If pulp_secret_key is not defined, Pulp Operator will generate a random key and configure SECRET_KEY with it.

Check pulp-secret-key for more information about Django Secret Key.

Allowed Checksum

If allowed_content_checksums is defined in Pulp CR, Pulp Operator will define the ALLOWED_CONTENT_CHECKSUMS in settings.py with it.
If allowed_content_checksums is not defined, the ALLOWED_CONTENT_CHECKSUMS setting will not be added to settings.py file.

Check Configuring Pulp Allowed Content Checksums for more information about Pulp allowed checksum algorithms.

LDAP

If ldap.config is defined in Pulp CR, Pulp Operator will do the following configurations in settings.py:

  • update the AUTHENTICATION_BACKENDS

    AUTHENTICATION_BACKENDS = [
      "django_auth_ldap.backend.LDAPBackend",
      "django.contrib.auth.backends.ModelBackend",
      "pulpcore.backends.ObjectRolePermissionBackend",
    ]
    

  • set the AUTH_LDAP_* fields with the "converted" (Pulp Operator will change all Secret keys to uppercase and parse their values from YAML to a format accepted by Python) values from the Secret defined in ldap.config.

Check LDAP AUTHENTICATION for more information on how to configure Pulp to authenticate using LDAP.

Default Settings

These fields are defined with default values.

DB_ENCRYPTION_KEY = "/etc/pulp/keys/database_fields.symmetric.key"
ANSIBLE_CERTS_DIR = "/etc/pulp/keys/"
PRIVATE_KEY_PATH = "/etc/pulp/keys/container_auth_private_key.pem"
PUBLIC_KEY_PATH = "/etc/pulp/keys/container_auth_public_key.pem"
STATIC_ROOT = "/var/lib/operator/static/"
TOKEN_AUTH_DISABLED = False
TOKEN_SIGNATURE_ALGORITHM = "ES256"
API_ROOT = "/pulp/"

Custom Settings

Warning

Use the custom_pulp_settings field with caution.

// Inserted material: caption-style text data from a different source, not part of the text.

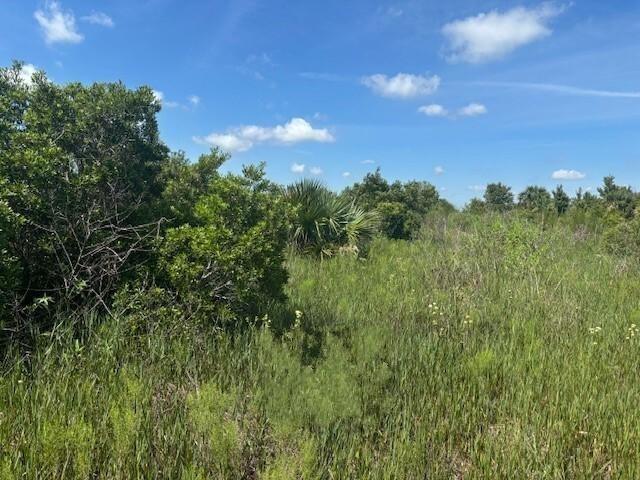 A grassy field with scattered shrubs and trees under a bright blue sky — 0 NW 310th Street, Okeechobee FL 34972, OKEECHOBEE, FL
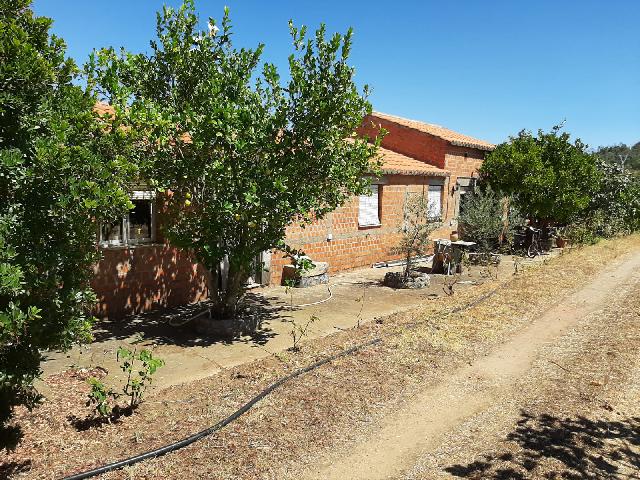 Imagen 21 Inmueble 290773 - Casa Rústica en venta en Mirabel / Mirabel cerca de Plasencia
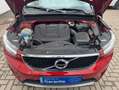 Volvo XC40 Momentum 1HD PANO CAM NAVI APPLE XENIUM Rouge - thumbnail 19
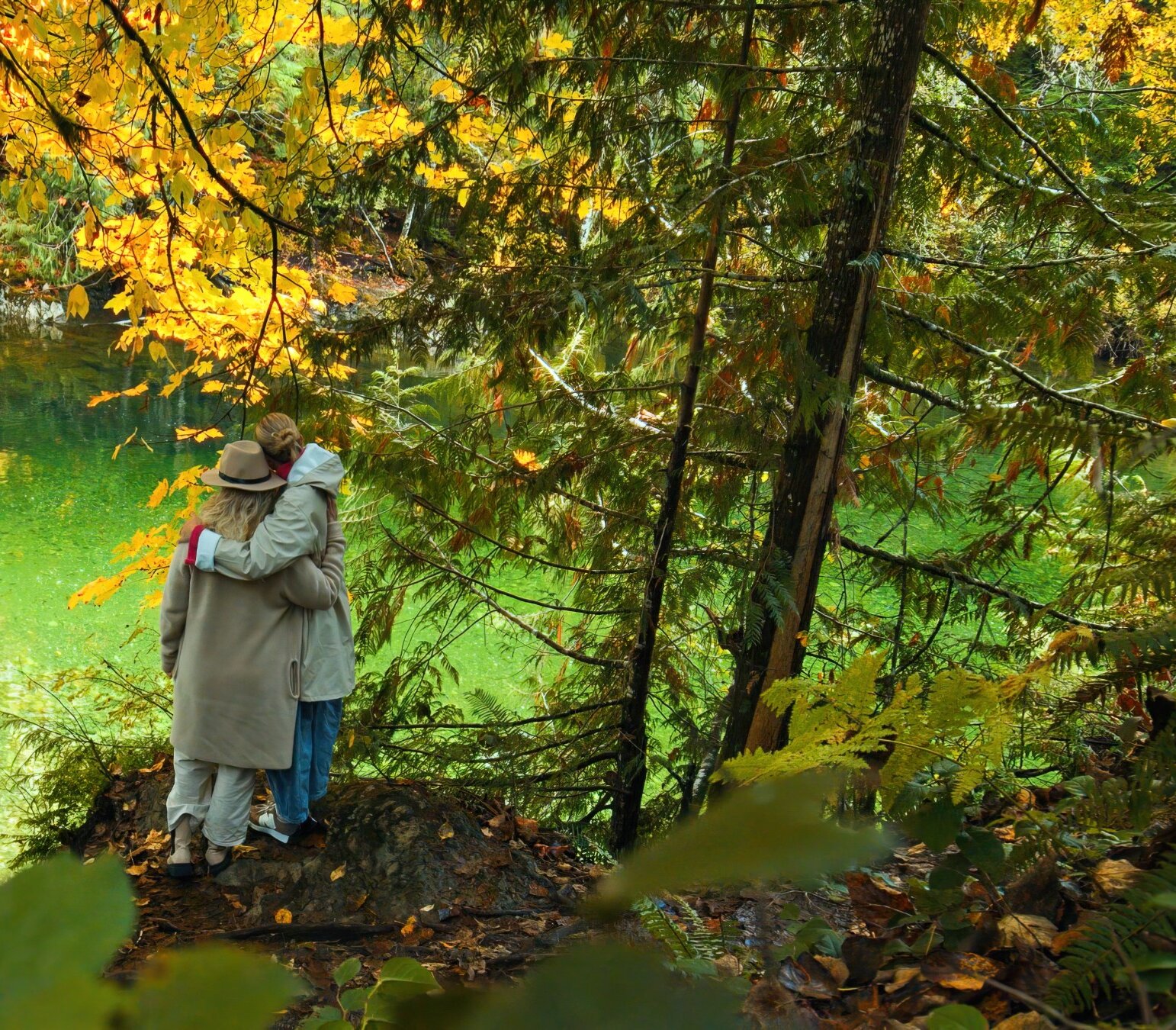 Highway pitstop at Taylor River, between Port Alberni and Tofino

Since Pulp Operator will not manage nor validate the contents from the ConfigMap, providing invalid values can cause disruption or unexpected behaviors.

Most of Pulp configurations should be done using the settings presented before, but sometimes it is not possible. In this case, Pulp CR has the custom_pulp_settings field that can be used to define a ConfigMap with the additional Pulp configurations.

For example, to disable Pulp analytics, first create a new ConfigMap:

$ kubectl create configmap settings  --from-literal=ANALYTICS=False

update Pulp CR with this new ConfigMap:

spec:
  custom_pulp_settings: settings

Info

The pulp_settings field is deprecated! Use the custom_pulp_settings field instead.